Litigation Letter
The Da Vinci Code
Baigent and another v Random House Group Ltd [2006] EWHC 719 (Ch); NLJ 14 April
The authors of a little known work of non-fiction,
The Holy Blood and the Holy Grail, published in 1982, alleged that Dan Brown’s best-selling novel,
The Da Vinci Code, breached the copyright of the book. They alleged that he had copied the ‘central theme’ of the book – the marriage of Jesus
and Mary Magdalene resulting in the merging of Jesus’s bloodline with that of the Merovingian dynasty. There was no allegation
of literal copying of the text and therefore any copyright infringement could only be found if the structure and architecture
of the claimant’s work had been copied. The judge found that the claimant’s book did not have any central theme and that even
if a central theme did exist and had been copied, it was too general to be capable of protection by copyright law.
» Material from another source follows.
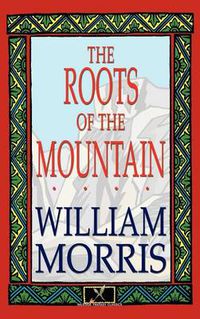 Cover image for The Roots of the Mountain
It appeared
to the judge that the claimants started by looking in
The Da Vinci Code to find things in it and worked backward from that exercise to create a central theme in their own work, rather than identifying
a central theme in their work and then seeing whether it was to be found in the defendant’s book. It was an artificial contrivance
designed to create an illusion of a central theme. In the book the defendant had made a genuine and handsome recognition of
the claimants’ role by referring to them and naming a central character after them.